The Power of High Level Abstractions

by

Abstractions can be very powerful tools to express complex concepts succinctly. Declarative programming is all about abstracting irrelevant implementation details away, allowing engineers to focus more on logic than on code. Functional programming is a type of declarative programming, where we can express our logic in terms of functions.

In this blog post, I'll be moving from Go to increasingly abstract Scala to solve a problem.

The Problem

Let's say we have a database of counts of page impressions, and we want to get total page impressions and clicks over any finite, discrete interval of time.

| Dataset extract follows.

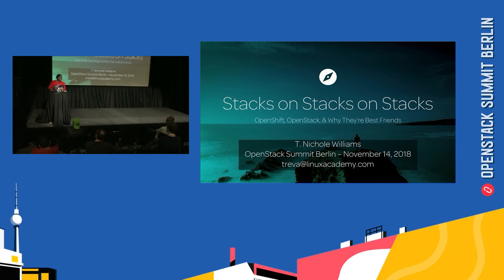I can hear myself. Hi, everyone. Welcome to my talk, Stacks on Stacks on Stacks. This is my very first public talk ever, so I'm going to be a nervous mess, and I am very happy that you're all here to witness that.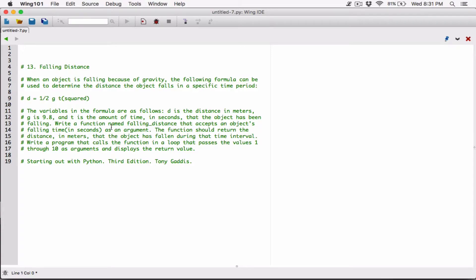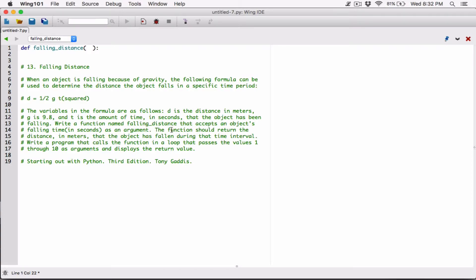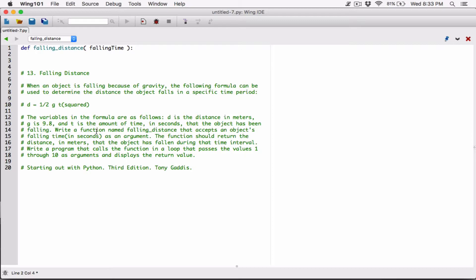Let's start defining the function. The purpose of this function is to return the falling distance given the time. We'll define a function called fallen_distance that accepts an argument — let's call the parameter fallen_time, since it's accepting the time as an argument. We can use that value to calculate the fallen distance and then return it.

We have a table that looks like the following:

CREATE TABLE event_sums (
  -- The timestamp of the minute that these sums were collected for.
  timestamp int,

  -- The account of the events, e.g. "Asuna Inc."
  account string,

  -- The source of the event, e.g. "Marketing website 1".
  source string,

  sum blob,

  PRIMARY KEY((timestamp, account, source))
);

Sum will be a serializable type that looks like this:

type Sum struct {
  PageImpressions uint64
  Clicks          uint64
}

Thus, we can create a type like this that maps one-to-one to sum.

type Query struct {
  Timestamp int
  Account   string
  Source    string
}

Let's assume our database cannot add the serialized sum blobs. We're going to have to code this ourselves.

The Go solution

Here's our first try at a solution, without an implementation of fetch.

func add(a Sum, b Sum) {
  return Sum{
    PageImpressions: a.PageImpressions + b.PageImpressions,
    Clicks: a.Clicks + b.Clicks
  }
}

func fetch(query Query) Sum {
  // ...
}

func combine(queries []Query) Sum {
  var sum Sum
  for _, query := range queries {
    sum = add(sum, fetch(query))
  }
  return sum
}

This is really simple, but it is unperformant, as we run the database calls in serial. Let's try running things in parallel!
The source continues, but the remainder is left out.